**WHAT TO DO**
Your task is to return, word for word, only the lines from the line with "Whimsical fairy with" through the close of the data. Exclude all pictures.
^^^^^^^^^^^^^^^^
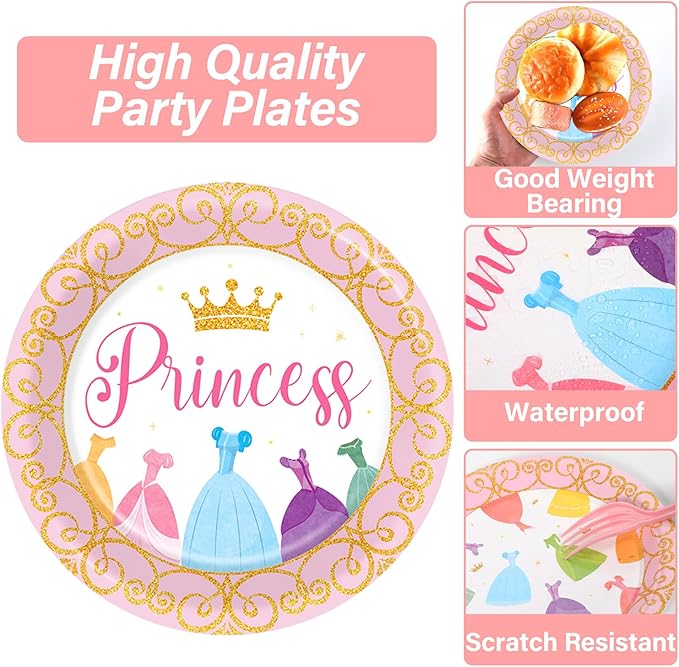 Qyeahkj 100 Pcs Princess Birthday Plates and Napkins Princess Themed Party Supplies Cartoon Dress Party Decorations Crown Disposable Tableware Dinnerware Set for Girls Engagement Baby Shower Serves 25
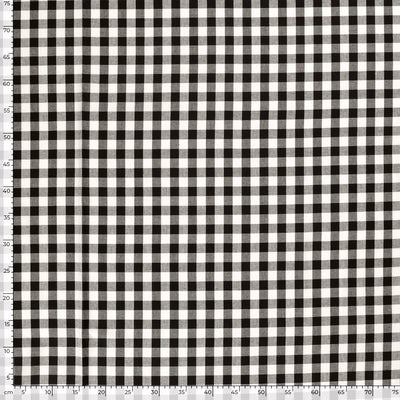 Cotton Poplin Gingham Black 10 mm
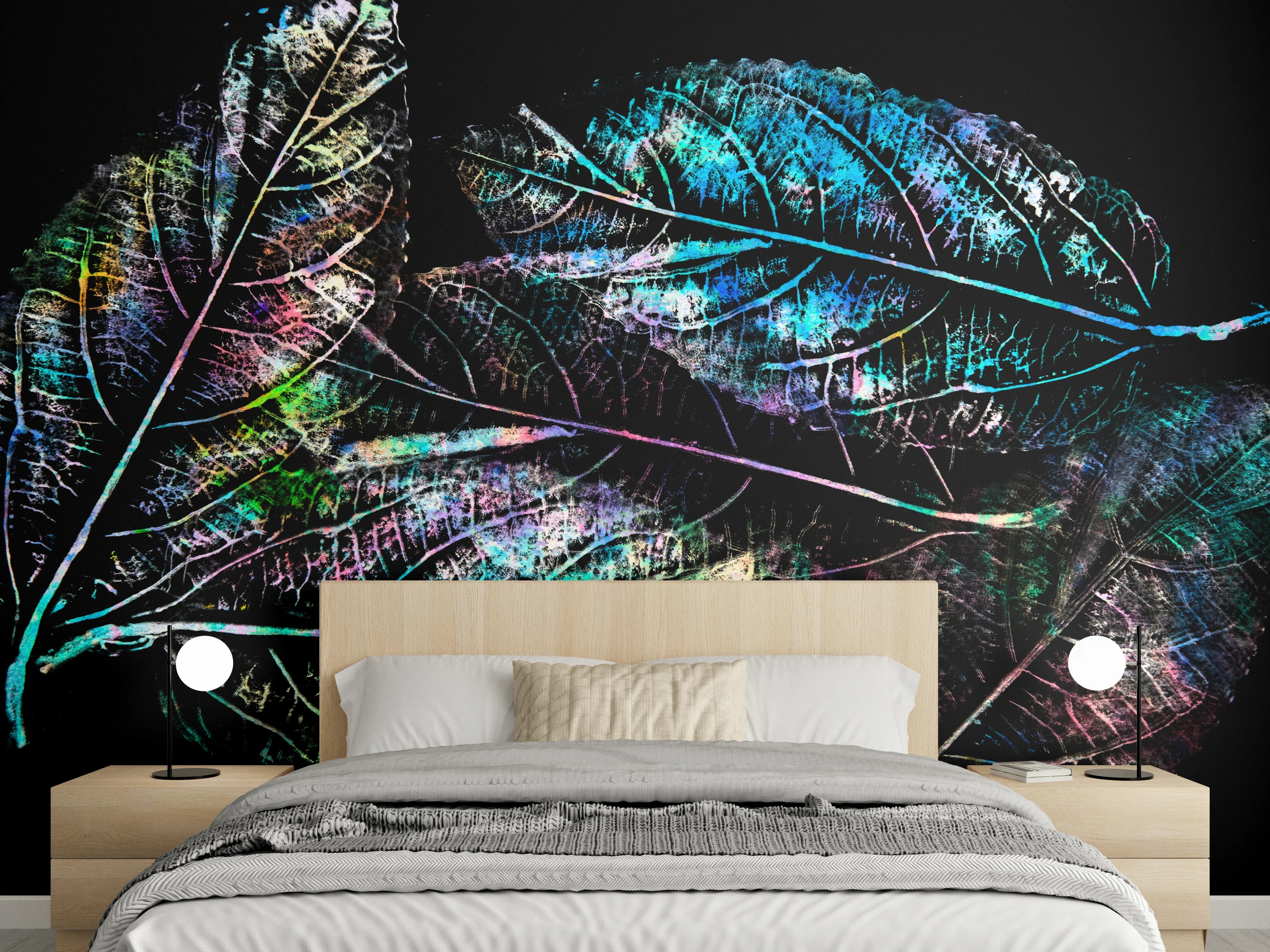 Wandverkleidung Schlafzimmer - Bunte Blätter auf Schwarz – Wanddeko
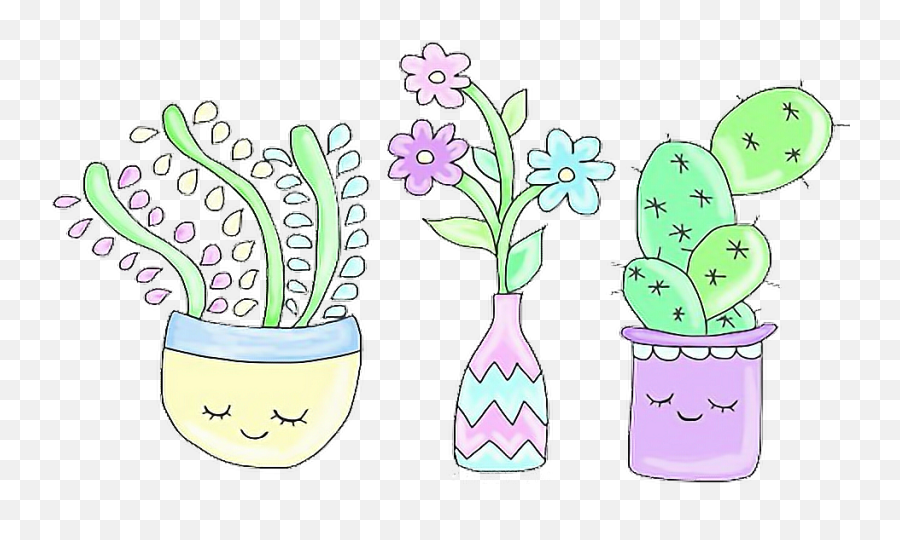 Plant Png Tumblr - Plants Clipart Aesthetic Cactus Kawaii Emoji,Cute Cactus Clipart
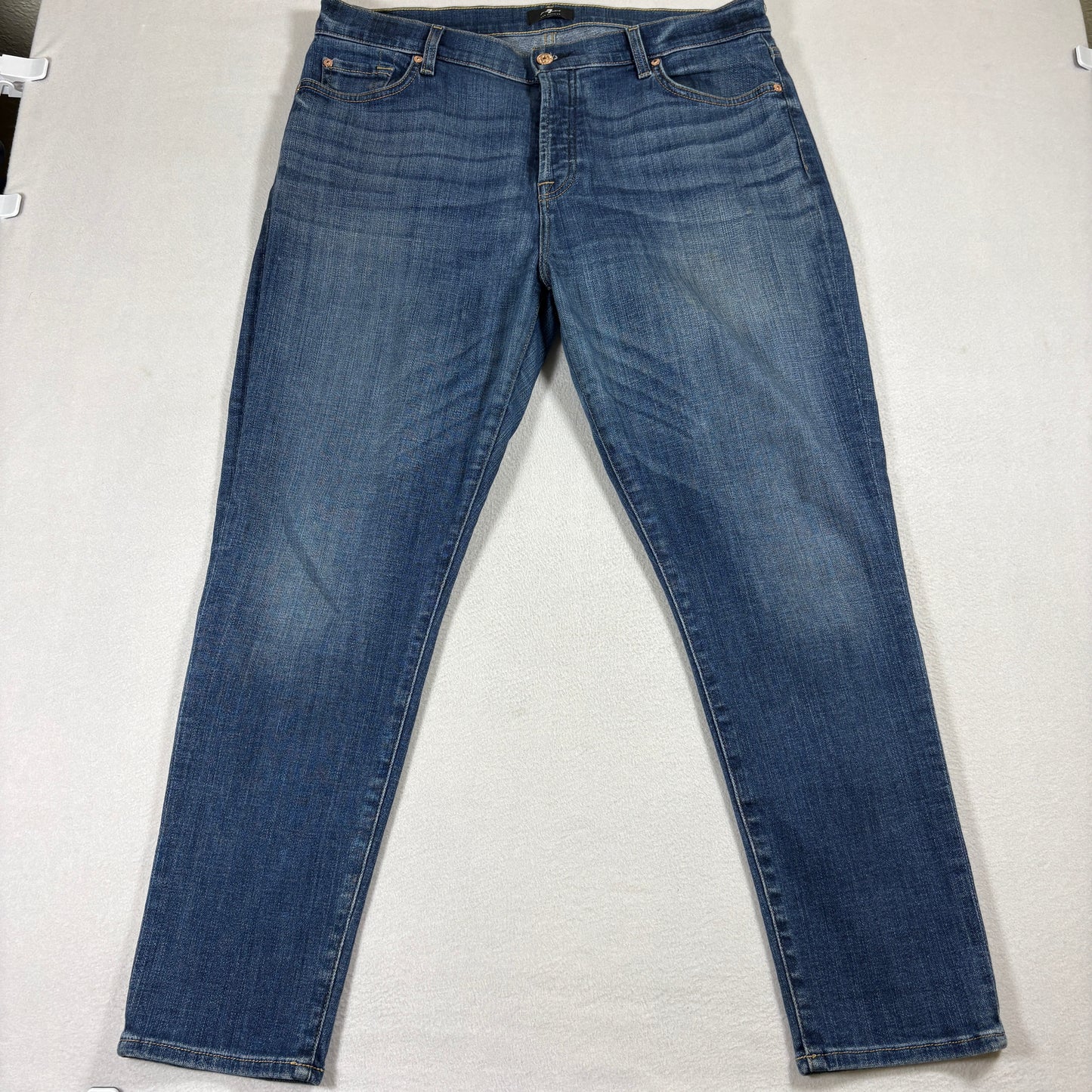 7 For All Mankind Josefina Jeans Womens 31 Medium Wash Slim Boyfriend Denim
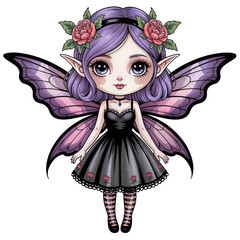 Whimsical fairy with purple hair and butterfly wings in a floral dress standing in a fantasy setting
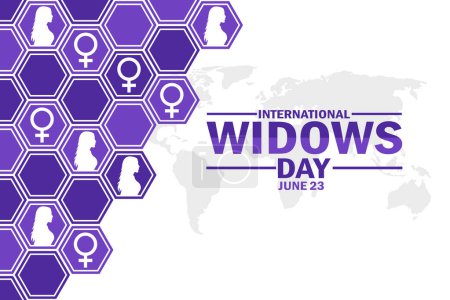 International Widows Day. June 23. Holiday concept. Template for background, banner, card, poster with text inscription. Vector illustration.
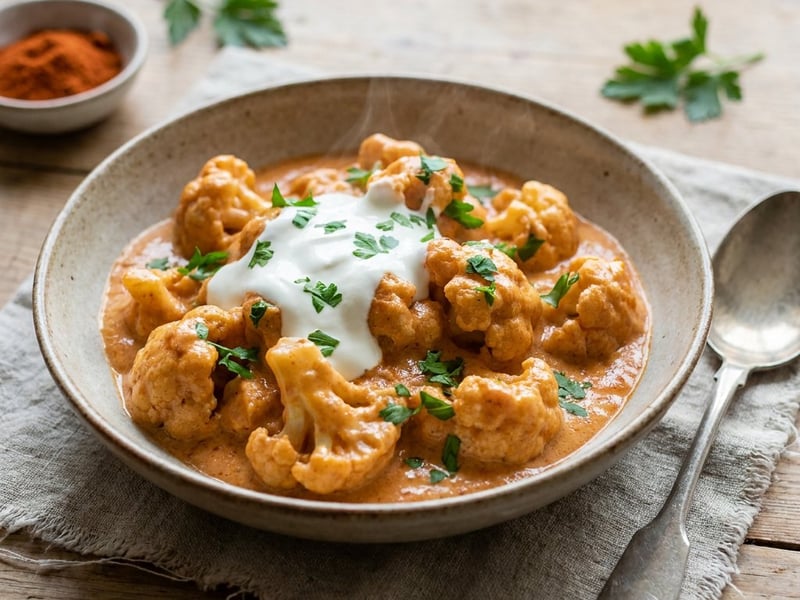 Cauliflower paprikash with sour cream | Creamy autumn vegetable dish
^^^^^^^^^^^^^^^^
**THE COMPLETED TASK**
 Whimsical fairy with purple hair and butterfly wings in a floral dress standing in a fantasy setting
 International Widows Day. June 23. Holiday concept. Template for background, banner, card, poster with text inscription. Vector illustration.
 Cauliflower paprikash with sour cream | Creamy autumn vegetable dish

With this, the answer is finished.